BUFFALO, N.Y. (WKBW) — Governor Cuomo said he believes the worst of the coronavirus pandemic is behind us. But is that true for all of New York State? Or just New York City? Officials in Erie County said we are not out of the woods yet.
“While New York State may have reached its peak, we don’t believe we've reached our peak,” said Erie County Executive Mark Poloncarz, “We don't know if we're nearing our peak [or] we're still away from our peak. The models we have looked at show us a number of weeks from the peak.”
Dr. Gale Burstein, Erie County Health Commissioner, and Poloncarz referenced data from Erie County to both agree Erie County is not through the thick of the COVID-19 outbreak.
“We don't have any information that shows we're on the decline,” said Dr. Burstein.
Governor Cuomo has sounded more optimistic in his recent daily updates.
“I think you can say the worst is over because the worst here are people dying,” Cuomo said.
The reason for the mixed message lies in the data.
“New York State's peak is always going to be skewed because of what you see downstate,” Poloncarz said.
Dr. Raul Vazquez said state data is weighted by New York City. It doesn't reflect Western New York. That's because they've done more tests downstate.

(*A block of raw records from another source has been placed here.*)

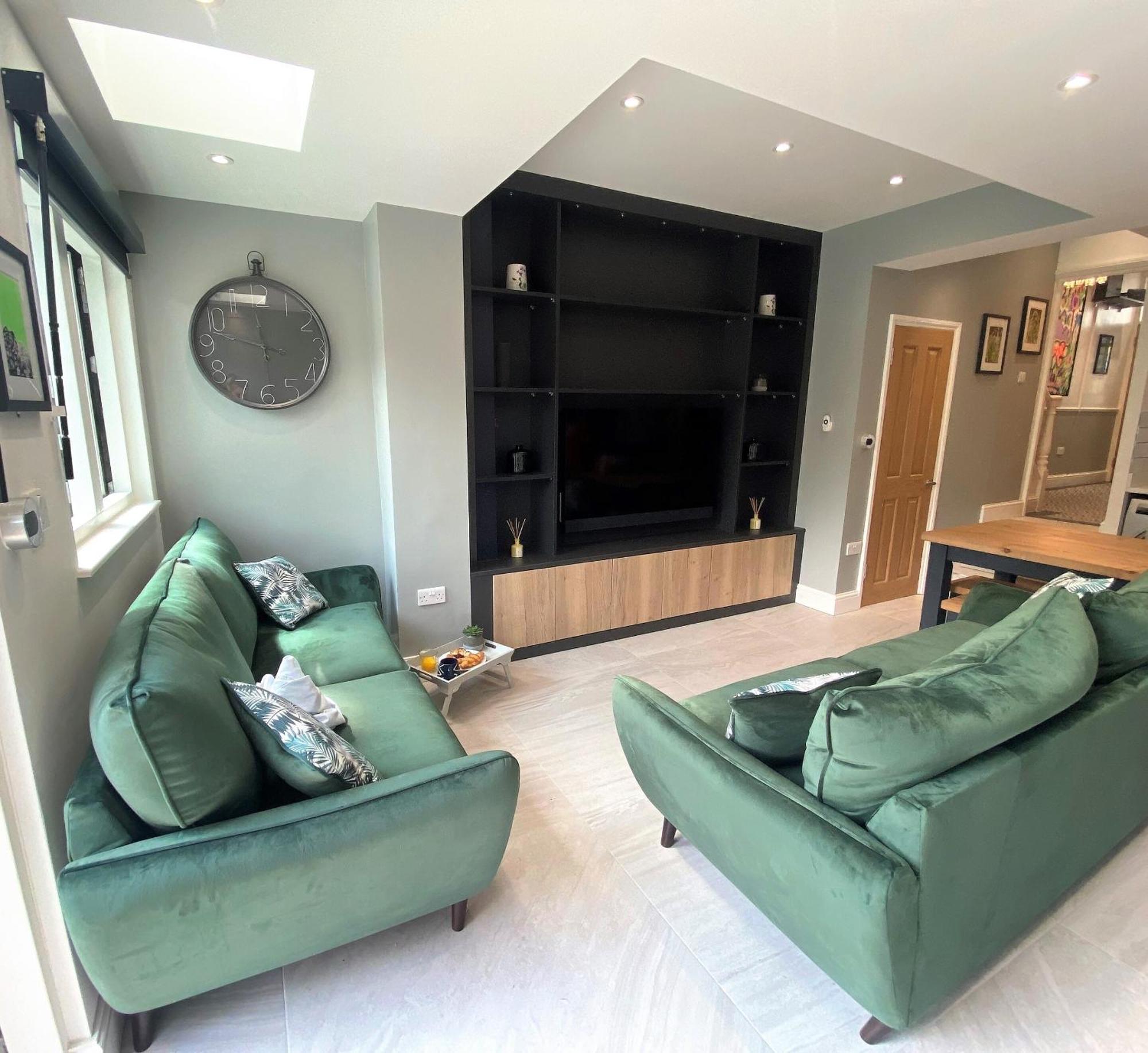 Superb Townhouse Near Vibrant Gloucester Road Bristol Buitenkant foto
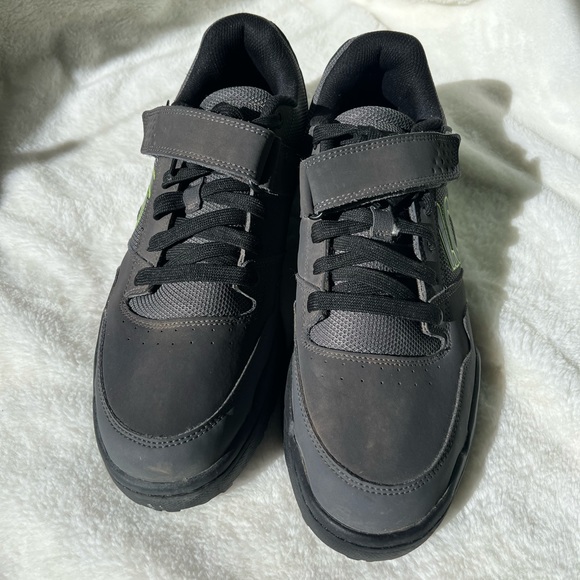 Five Ten Maltese Falcon Men’s 12 Grey - Picture 4 of 9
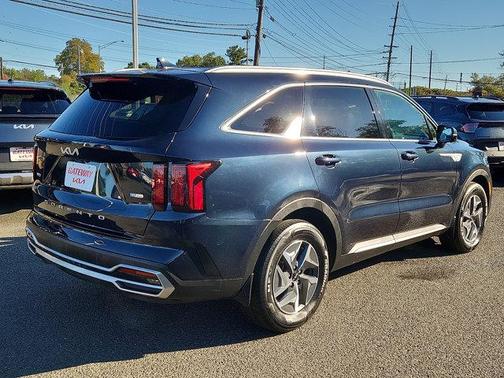 2022 Kia Sorento Hybrid S
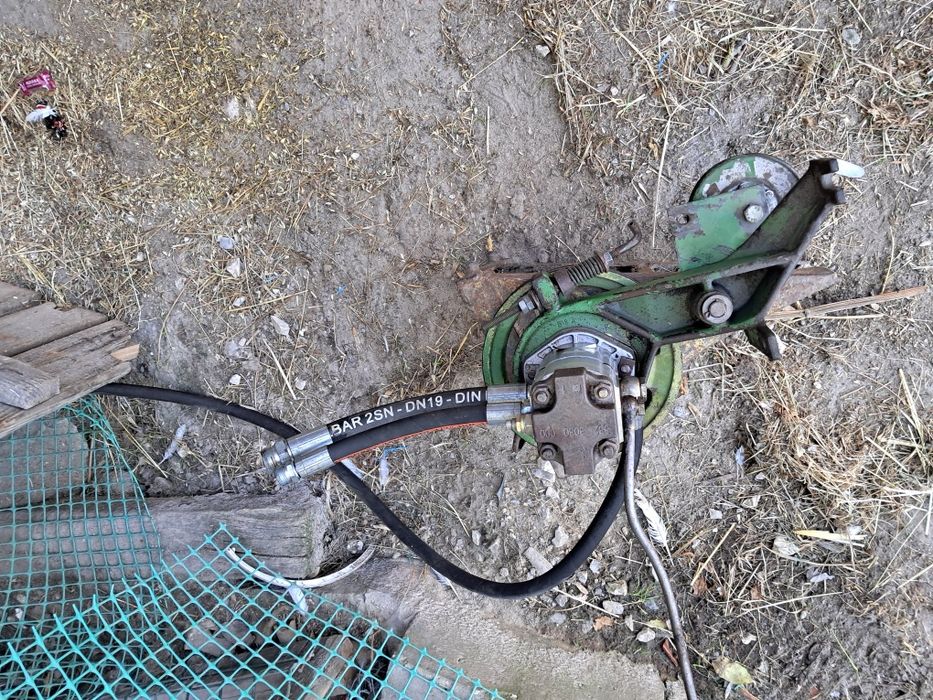 Pompa hydrauliczna John Deere 965, 970, 975, 1072, 1174, 1177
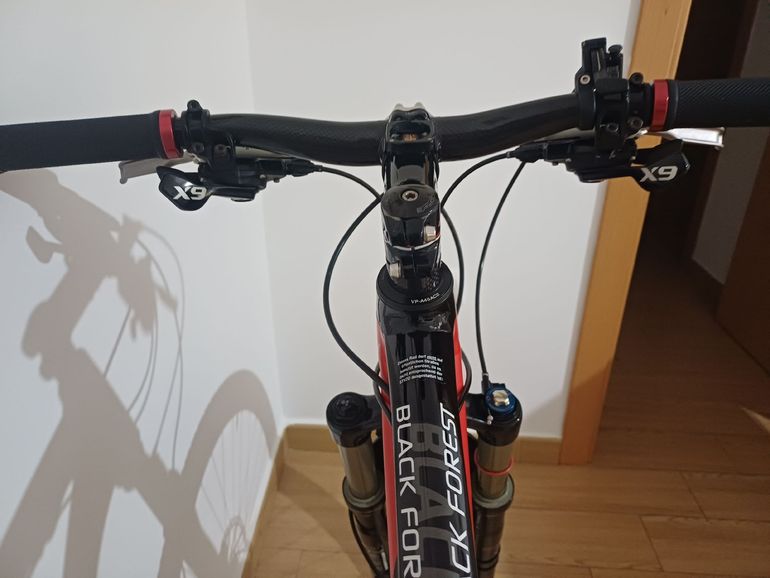 Used Focus Custom SRAM X9 2015 Mountainbike, Black, 26 — image 5 of 8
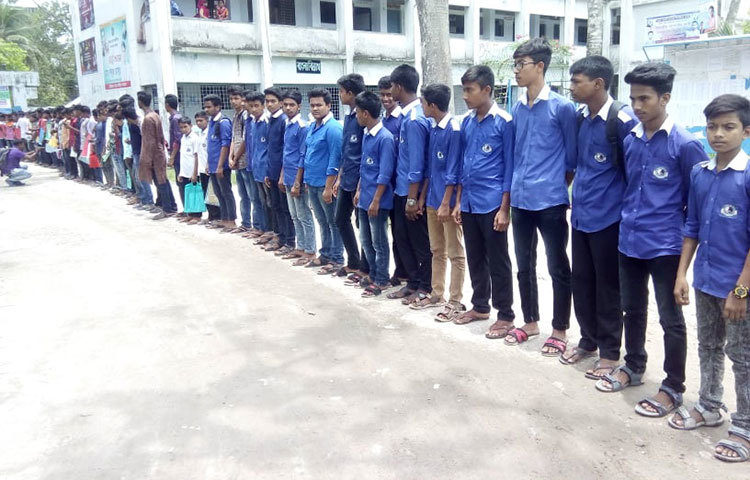 মানববন্ধনে অংশ নিয়েছে বিভিন্ন বয়সের শিক্ষার্থীরা।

“They've got the data. They have a lot of the infrastructure downstate. But upstate, we're not there yet,” said Dr. Vazquez, “We don't have enough tests. We haven't had enough tests. I think as we're opening up [testing ]now we're getting a better idea.”
Officials said Western New York seems to be about two weeks behind New York City.
“This week and next week is when we start to get to our peak,” Dr. Vazquez said.
“Western New York was one of the last to have confirmed cases. As a result, we are going to be one of the last to get to our peak and then on the downward trend,” Poloncarz said.
But, everyone agrees social distancing is key and must continue.
“The real focus is on keeping people safe and healthy and not spreading this virus in the community,” said Byron Brown, the mayor of Buffalo.
“What we do today determines where we are a week from now whether we reach our peak or plateau,” said Dr. Burstein.